BNSF argued regular on-site attendance was an essential function for the train dispatcher position, and the 5th Circuit found the company’s longstanding, written attendance policy supported the assertion. In addition, the appellate court said the “consequences” factor supported the employer’s position. After all, if a dispatcher didn’t show up for work, the company had to provide coverage to fill the vacancy.
In addition, while recognizing Weber had been shown leniency on past occasions, the 5th Circuit noted BNSF warned him before the five incidents of absenteeism for which he was disciplined (and ultimately terminated) that any future attendance guidelines violations could result in further disciplinary action.
Further, the 5th Circuit rejected Weber’s argument that excusing the absences when he needed to attend a mandatory medical appointment or became sleep-deprived and was a risk to safety would have allowed him to perform the essential functions. The court said the accommodations wouldn’t have enabled him to perform the essential function of regular attendance. After all, neither he nor BNSF could determine in advance how often he would become sleep-deprived (i.e., sleep fewer than four hours) and need to take medical leave.

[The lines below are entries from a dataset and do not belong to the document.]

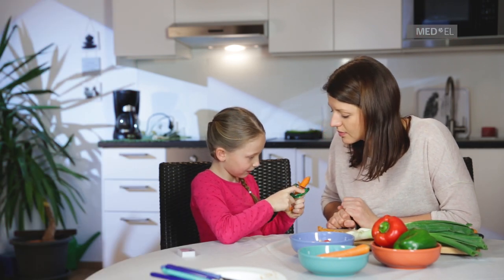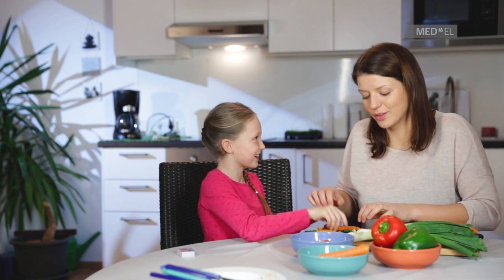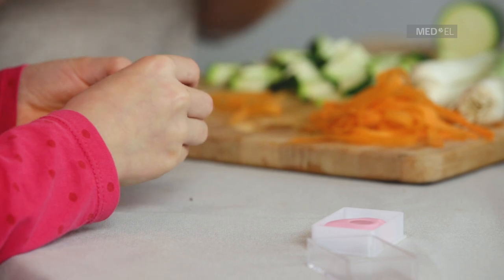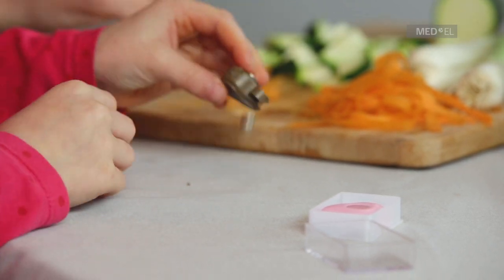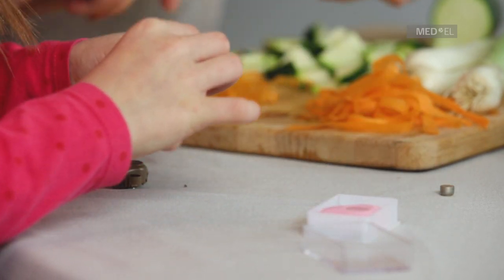Changing the battery of the Adhere Audio Processor is very straightforward. Take off the audio processor from the adhesive adapter. Open the audio processor's battery compartment and remove the empty battery.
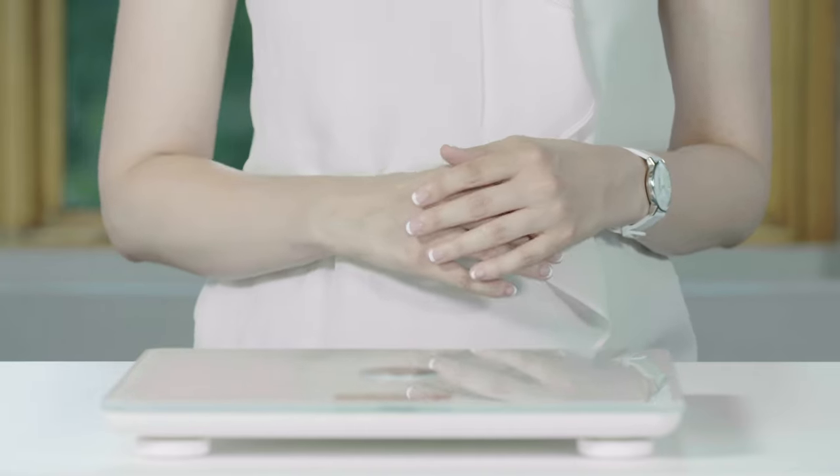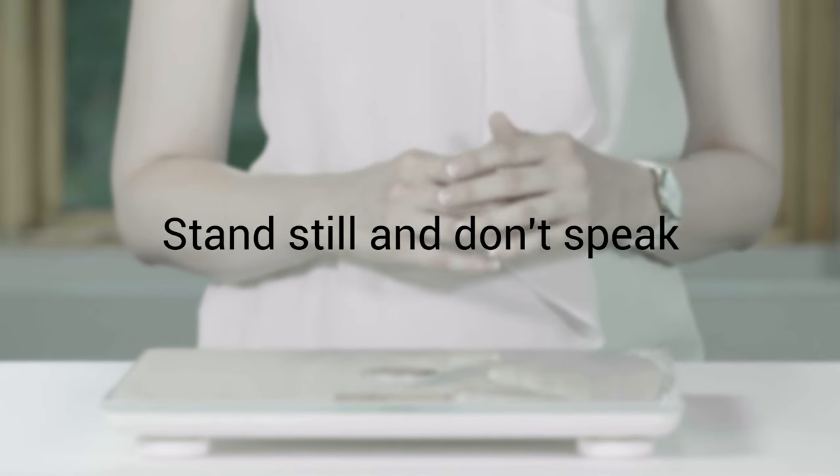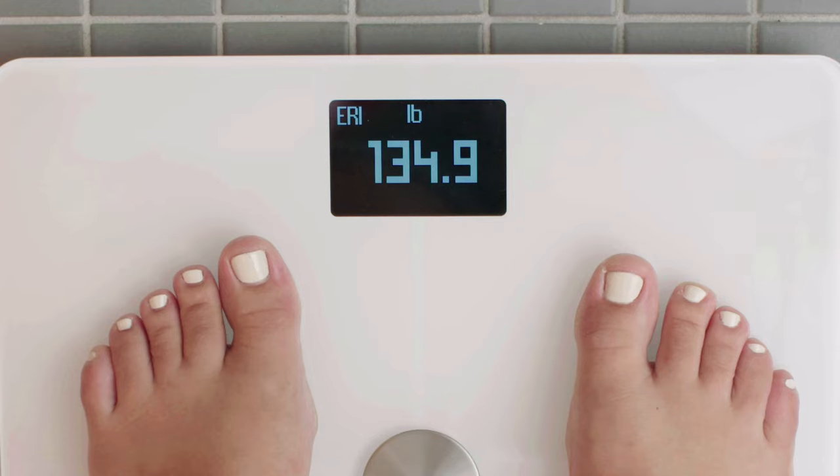For accurate measurements, be sure to stand still and not speak while the measurement is being completed. Once your body composition measurements are completed, they'll appear on the screen.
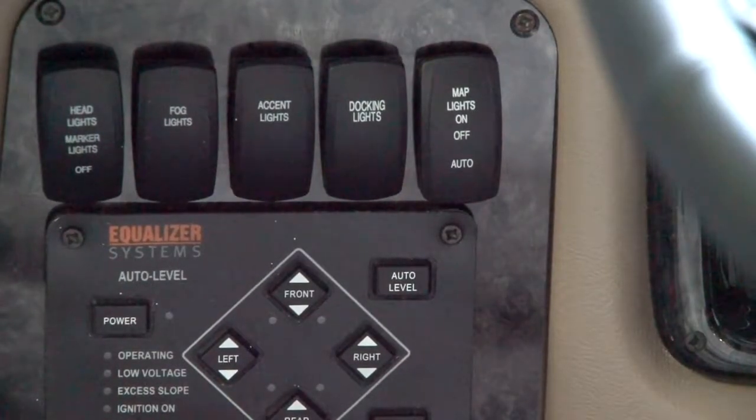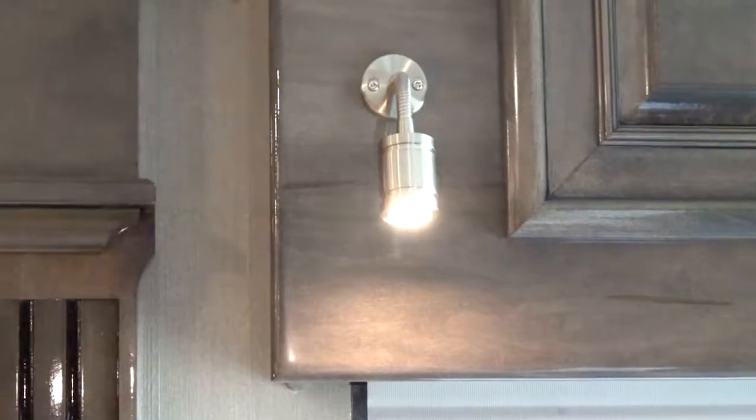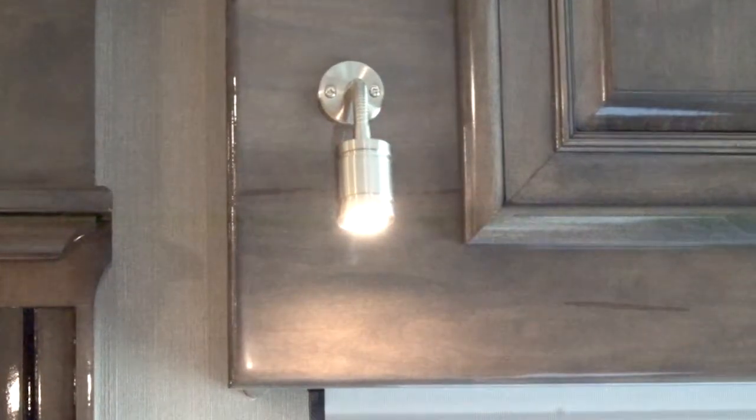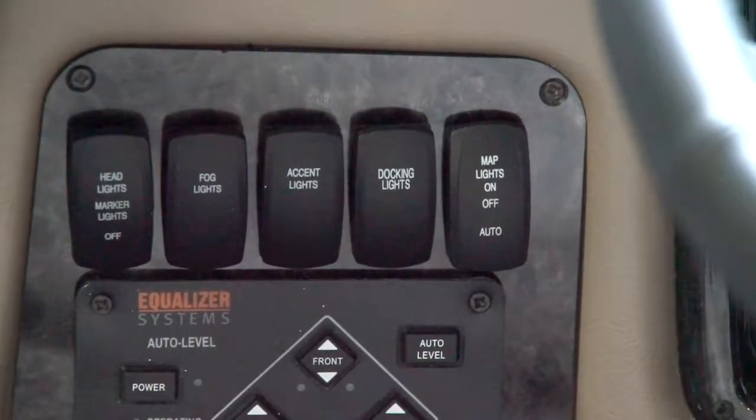That gives you ample time to get inside the coach to see where you're going up the stairs. There is also a way to control the lights themselves by pushing the light itself in or out, which will turn that switch on or off once your map light switch is turned on.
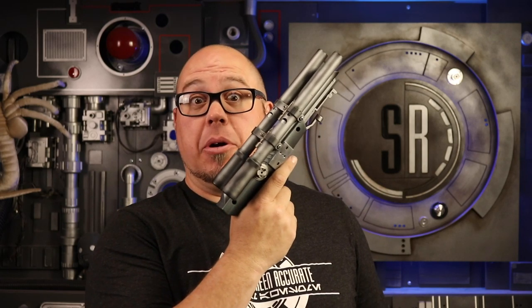Today in the Smuggler's Room, we're upgrading our Nintendo Zapper. That's coming up.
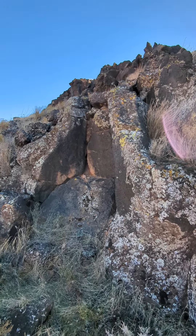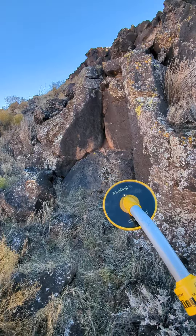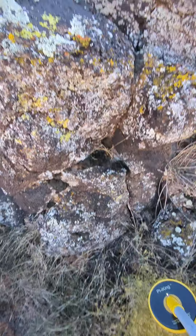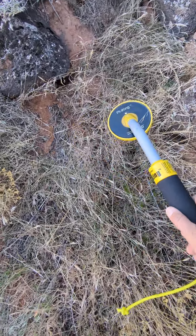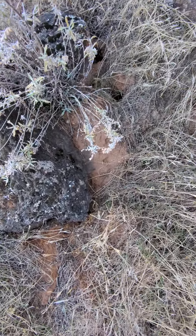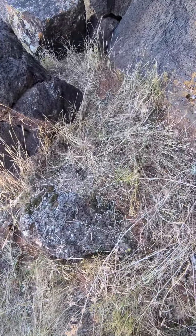All right, we're back at the site. This time we brought a trusty metal detector to see what we can find. This is a pulse induction detector — that's why they call it a PI king pinpointing. It's sending a signal into the rocks.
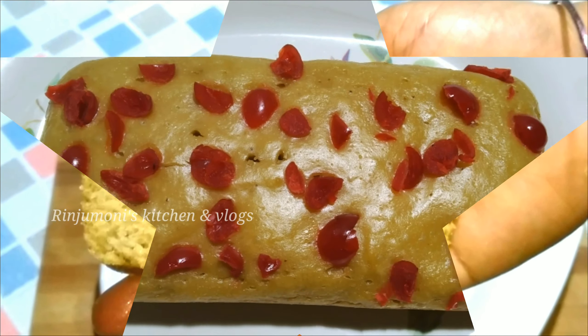એત્ય મોય ભાલ કોય પેસ્તુ બનાય લોલુ. એત્ય મોય બાઓય લોલેશુ તાતે હકોલુ કીની ધાલી ધાલી દીશુ. એત્ય મોય ડ્રાયં ગીદેની કીની સાલી લોં સાહ્કો આક્રે એકાપ મોઈદા લેશુ.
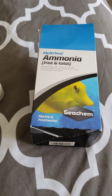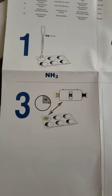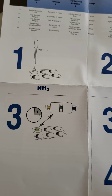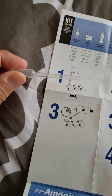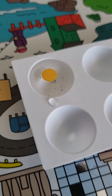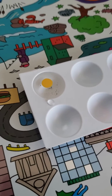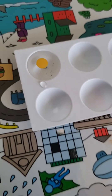Here we have the ammonia-free and total instructions. Fill up each cavity with the pipette — you need two of these. Suck up the water two times to fill it up. The black stuff is from some dust that was on top of the pipette. Those will change color.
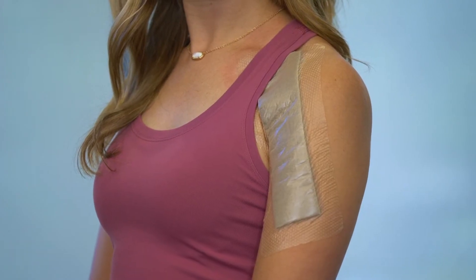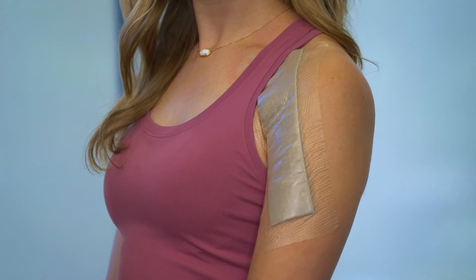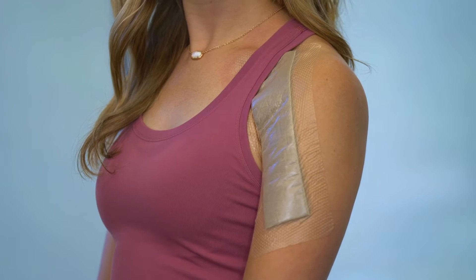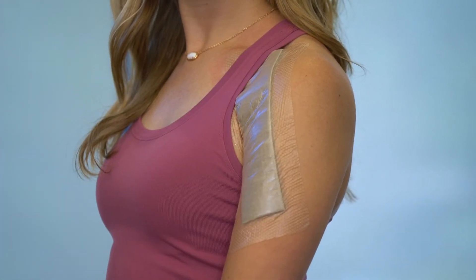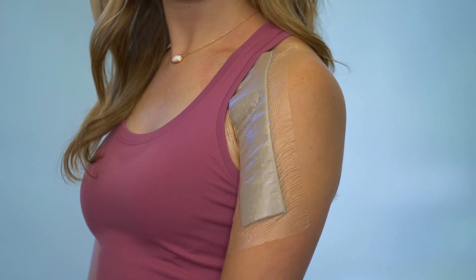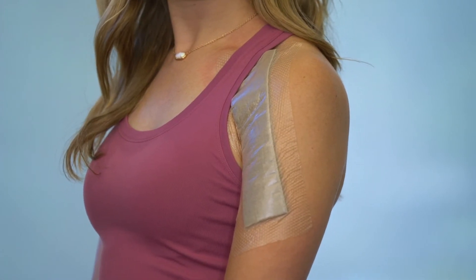Your wound was also covered with two types of dressings. One is this mesh with a skin glue called Dermabond. And then the top layer is called Silverlon or Mepilex dressing. Both of these dressings are waterproof and they have a little bit of silver in them to help fight off any infection.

For the above reasons, the 5th Circuit held Weber wasn’t a qualified individual and therefore wasn’t entitled to an accommodation. Weber v. BNSF Railway Company, 2021 WL 716645 (5th Cir., Feb. 24, 2021).
ADA accommodations often involve requests for time away from work and implicate an employer’s attendance expectations and policies. Although the 5th Circuit found regular on-site attendance was an essential function and Weber’s irregular and unplanned absences prevented him from being a qualified individual with a disability, you must carefully consider such requests, taking into account:
- The nature of the employee’s duties;
- Whether regular on-site attendance is actually an essential part of those duties; and
- Whether the requests for time away from work would be for set times capable of planning (as opposed to irregular).